In Climate Wars, Gwynne Dyer, a Canadian journalist, lecturer and military historian, presents a series of bleak futures, each portraying a world teetering on the edge of civilisational collapse as a result of climate change. But these scenarios aren't merely fictional creations, they are part of Dyer's geo-political analysis of climate change based on extensive research and interviews with scientists, think-tanks, environmentalists, politicians and military analysts from around the world.
Throughout the book, Dyer also analyses the contemporary technological and political environment. He is a hardline pragmatist and his approach is focused entirely on the matter of survival - “This isn’t about hugging trees,” he told SchNEWS, “it’s about staying alive.” He advocates an approach that will leave many in the environmental movement uncomfortable; he claims we must consider using technology such as geo-engineering, nuclear power and GM crops, and politically that it will be necessary to sideline issues such as human rights and social and economic justice in order to make it through the times ahead.
SchNEWS spoke to Dyer on these issues and his views on the problems we face now and in the future.
When you were putting the scenarios together how much was taken from data and off the record chats etc?

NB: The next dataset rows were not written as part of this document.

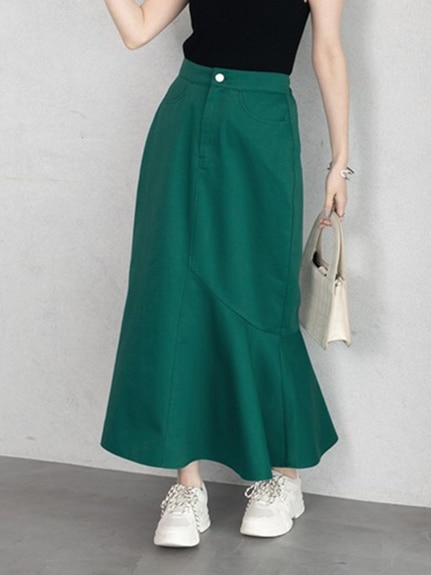 裾切替マーメイドスカート　大きいサイズ レディース（ロング丈・マキシ丈スカート）ジーラ（GeeRAファッション）（ジーラ(Lー6L)）  01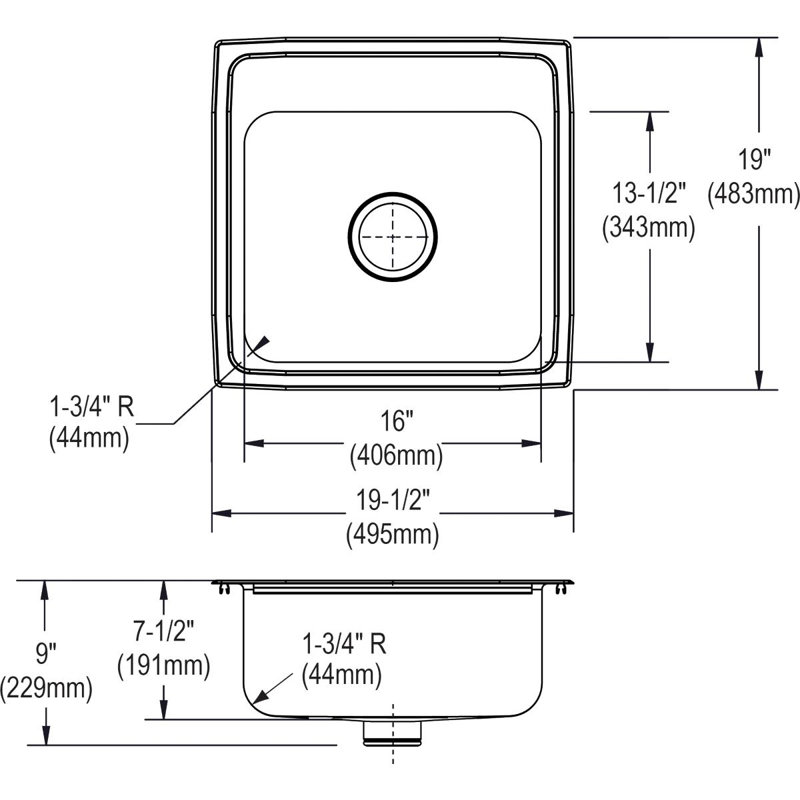 Évier de cuisine encastré en acier inoxydable l 19,5 po x l 19 po avec drain parfait Lustertone, 2 trous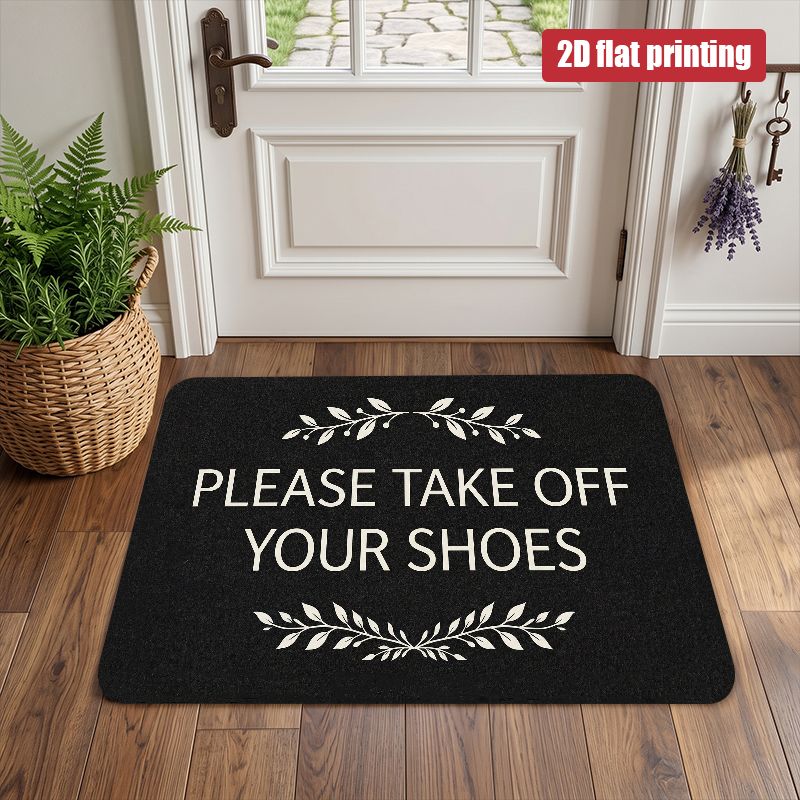 TEMU [2d Flat] 1pc Non-slip Indoor/outdoor Doormat, Machine Washable Welcome Mat Foot Mat, Flannel Material With Thickened Plush Pile - Sponge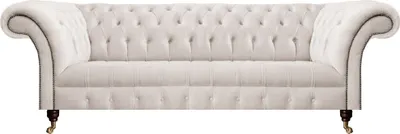 Produktbild von Weiß Sofa Dreisitze Couch Polstermöbel Einrichtung Wohnzimmer Chesterfield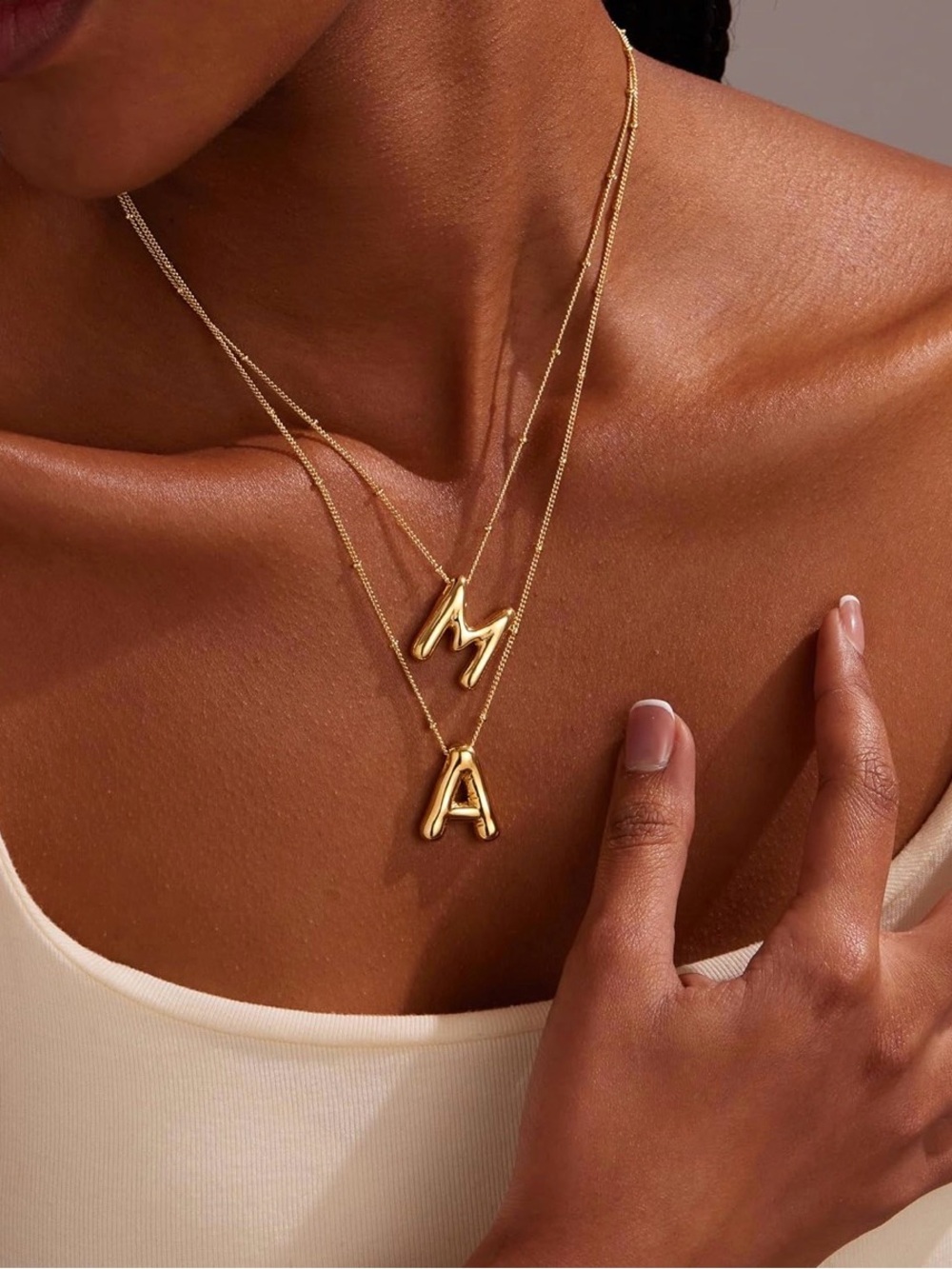 Gold Plated Initial Beaded Necklace Pendant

Most of it. There’s nothing there that some soldier didn’t either say outright or hint at - that is the sort of thing they are thinking about. The Americans especially have got quite a long way down the road in thinking about it. They all know these numbers on what is happening on climate change. They all know, to a remarkable degree, what this is going to do to food production, what damage this is going to do to water availability, which countries get hammered hard, which countries get away easy - and they have been working through the military scenarios that come out of that.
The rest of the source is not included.